# Natural Law, 2K, and then some.



## Andrew P.C. (May 10, 2010)

So, there has been a lot about the 2k talk lately, as well as Natural Law. I've found some very good threads on the discussions and I've listened to at least to of the lectures so far from WSC of "Christ, Culture, Kingdom" and a few articles. 

Natural Law on the other hand I've found difficult to find things written or spoken about. I did how ever find Dr. Clark's essay on Calvin, a few threads, and some dozen essays on Natural Law (2 I found more helpful, one being from Horton and the other from DVD).

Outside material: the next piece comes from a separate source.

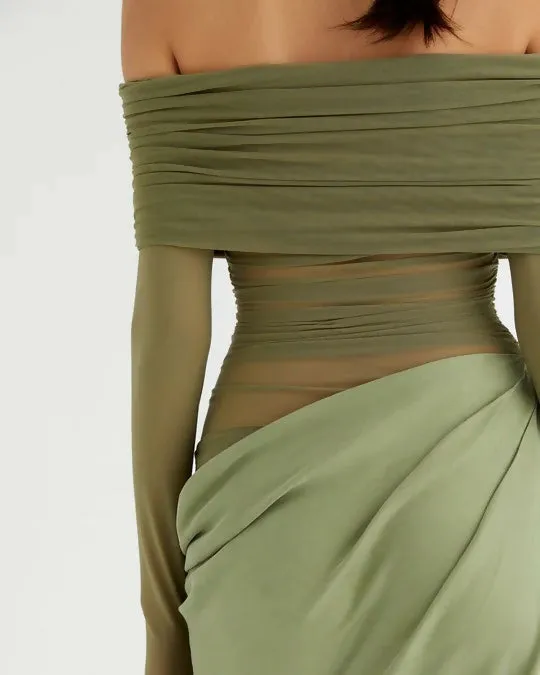 Benni Yasmin Off-Shoulder Maxi Dress Pistachio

There was one thread I just recently found though that I think helped me understand something concerning Natural Law. Basically, how I see it(correct me if I'm wrong), the argument goes like this: if we as Christians don't help in the making of laws and separate ourselves from the "cultural mandate" then the unbelieving society will digress; that is, if there are no laws, the natural man will act as if there are no laws i.e. that there really isn't a law written on their hearts(then why did God make man with a conscience? what's it's purpose?)

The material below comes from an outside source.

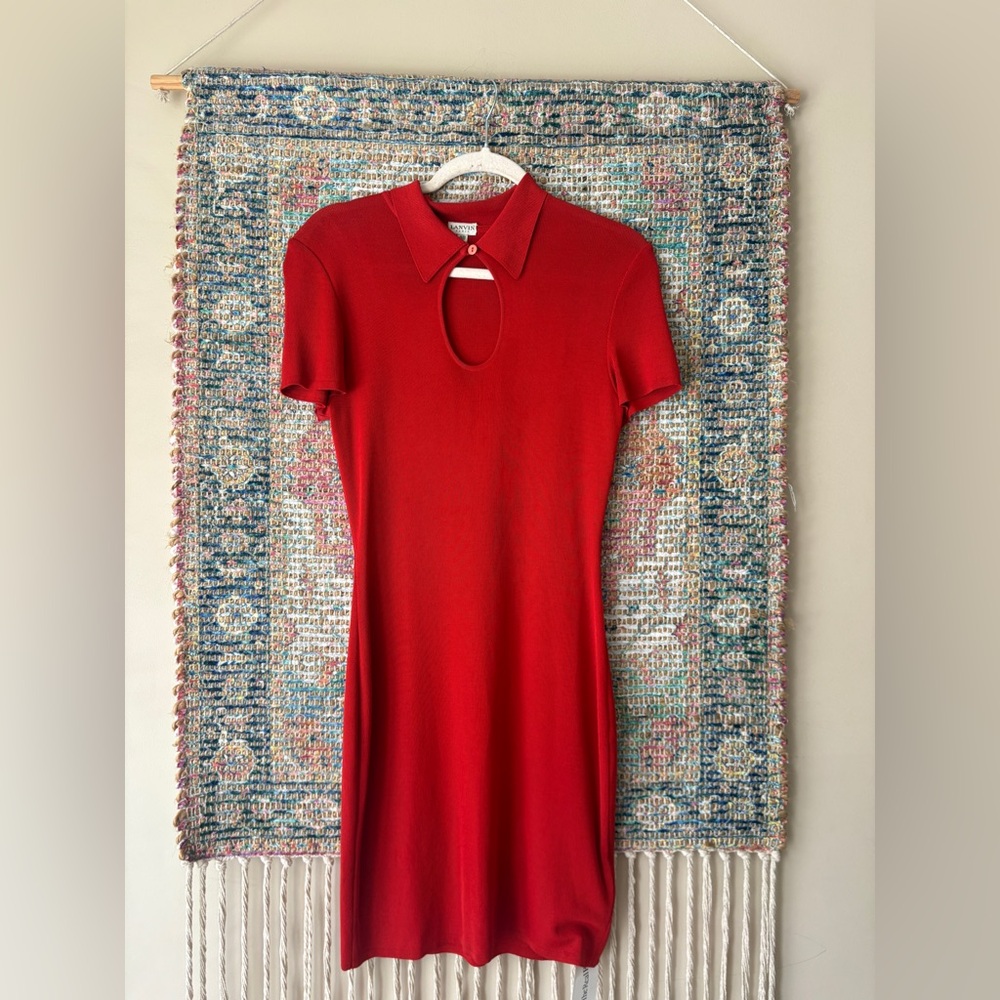 Lanvin Red Midi Dress with Collar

So, if I have gotten those concepts wrong let me know.

Here is my question though, what is the relationship of the two and how as Christians should we view the world we live in?

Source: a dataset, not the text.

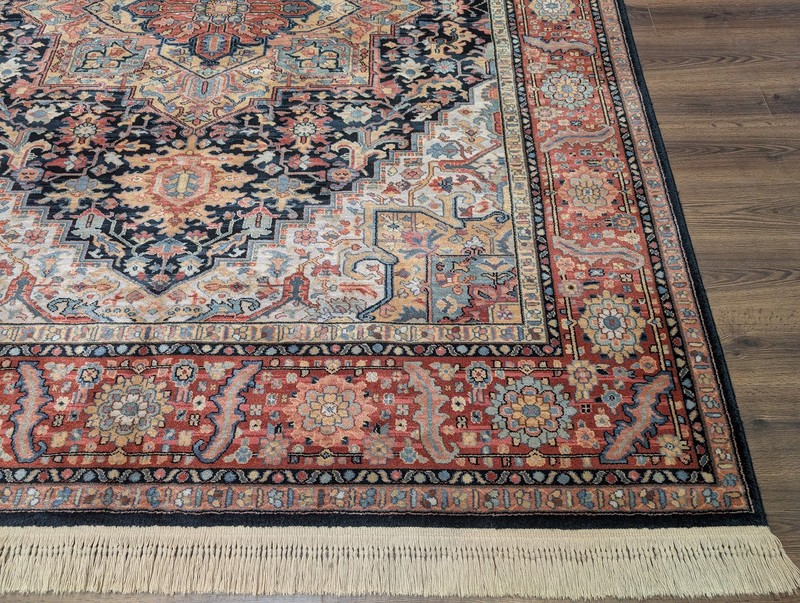 8.8 x 10.6 Karastan Navy Heriz Rug #701 gallery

Edit: I just saw that this post needs to be moved since I posted in wrong section.


----------



## Covenant Joel (May 10, 2010)

Andrew P.C. said:


> There was one thread I just recently found though that I think helped me understand something concerning Natural Law. Basically, how I see it(correct me if I'm wrong), the argument goes like this: if we as Christians don't help in the making of laws and separate ourselves from the "cultural mandate" then the unbelieving society will digress; that is, if there are no laws, the natural man will act as if there are no laws i.e. that there really isn't a law written on their hearts(then why did God make man with a conscience? what's it's purpose?)
> 
> So, if I have gotten those concepts wrong let me know.
> 
> ...


 
I don't know that this is really the point of the natural law approach taken with the Two Kingdoms View. Transformationalists like Frame would agree that Christians ought to help make laws to keep unbelieving society from digressing. Frame (and others) would even agree that God's law is written on the hearts of men, so that they are without excuse.

What the 2 kingdoms view says regarding natural law is this: (1) God is sovereign over both kingdoms, civil/state and spiritual/church. (2) God rules these kingdoms in different ways. (3) God rules the church by special revelation (his written Word). (4) God rules the civil realm by general revelation/natural law.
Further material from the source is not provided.